Luckily, YET AGAIN, for the crowd, The Gaslight Anthem wasted no time to unleash a blistering rendition of “Great Expectations,” the staggeringly sweet, raucous, and rocking album opener from the band’s latest, 59′ Sound. The Jersey boys played the part, resembling punked up greasers, complete with tight dago t’s, tattoo sleeves, and enough mousse to make Jesse Katsopolis jealous. By the time the album title track rolled around, and lead singer Brian Fallon pondered “Well I wonder which song they’re gonna play when we go” the crowed might as well have been parked on the boardwalk in Asbury Park, NJ (unfortunately, some pittsburghers might gag at that thought) getting ready to cruise the strip in a beat up 62′ Oldsmobile.
Make no qualms about it, these boys are disciples of Bruce (and to a lesser extent The Replacements) especially Fallon, who actually related a few Springsteen anecdotes in between songs, including a surprisingly accurate impersonation of the patron saint of New Jersey rock. He talked about the first time he met Springsteen, which was only a month ago, and how Bruce said he admired 59′ Sound, playing it in his car all the time when he would cart his daughter around northern Jersey.
Fallon sincerely confessed he had no idea what do with that information. Initially shocked that Bruce Springsteen had actually heard his band, he couldn’t get past the surreal image association of his band’s music with the day to day activities of the Springsteen family. As far as concert banter goes, that’s the kind of shit the people want to hear, the soft humility behind mounting success. Along with the gushing appreciation for the crowd, the venue, which the band played with the Bouncing Souls a very, very long time ago, and the general honesty of the band’s entire package, the show felt more like a celebration of a local band who made a name for themselves than a national touring act wisping through Pittsburgh en route to fifteen other cities.
I’m surprised people weren’t hugging each other as they poured out on to the Millvale streets, promising each other they’d keep in touch over the coming spring and summer. One song, specifically, brought the whole experience full circle late in the Anthem’s set. “Miles Davis & The Cool,” a somber, trembling anthem drenched in nostalgia (like all their best tracks) seemed to encapsulate the feeling of the night, with Fallon singing “Don’t wait too long to come home./My have the years of our youth passed on./Don’t wait too long to come home./I’ll leave the front light on./The night is our own.”
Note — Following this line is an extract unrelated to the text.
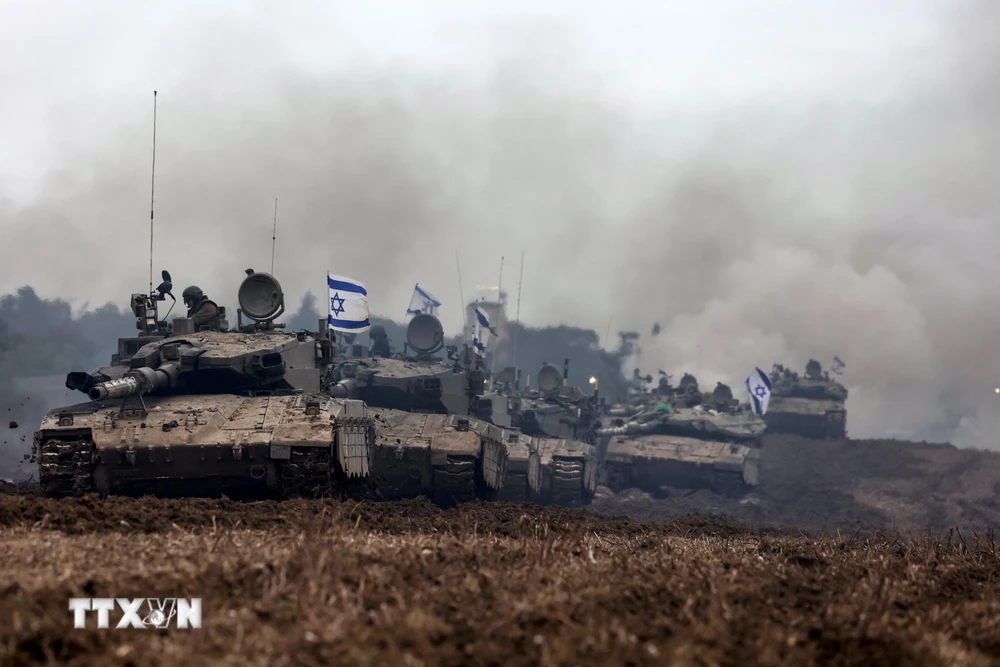Binh sĩ Israel trở về phần lãnh thổ của Nhà nước Do Thái, giáp giới Dải Gaza ngày 28/1/2024. (Ảnh: AFP/TTXVN)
As sentimental and overblown as that statement may be, it reminded me about the ways in which rock music can become spiritual and transformative, capable of painting the perfect moment for thousands of people to revel in simultaneously. The Hold Steady have done this for years, and The Gaslight Anthem have years to go. I remember a quote from the legendary D. Boon of hardcore stalwarts The Minutemen, while he was discussing the different themes which appeared repeatedly in their music, which he summarized in simple but earnest statement, “I’m not religious about god, I’m religious about man.” The Gaslight Anthem and Heartless Bastards put on a show bursting with fervor from the outset, preaching a life affirming gospel even the most jaded rock purist will embrace as the truth.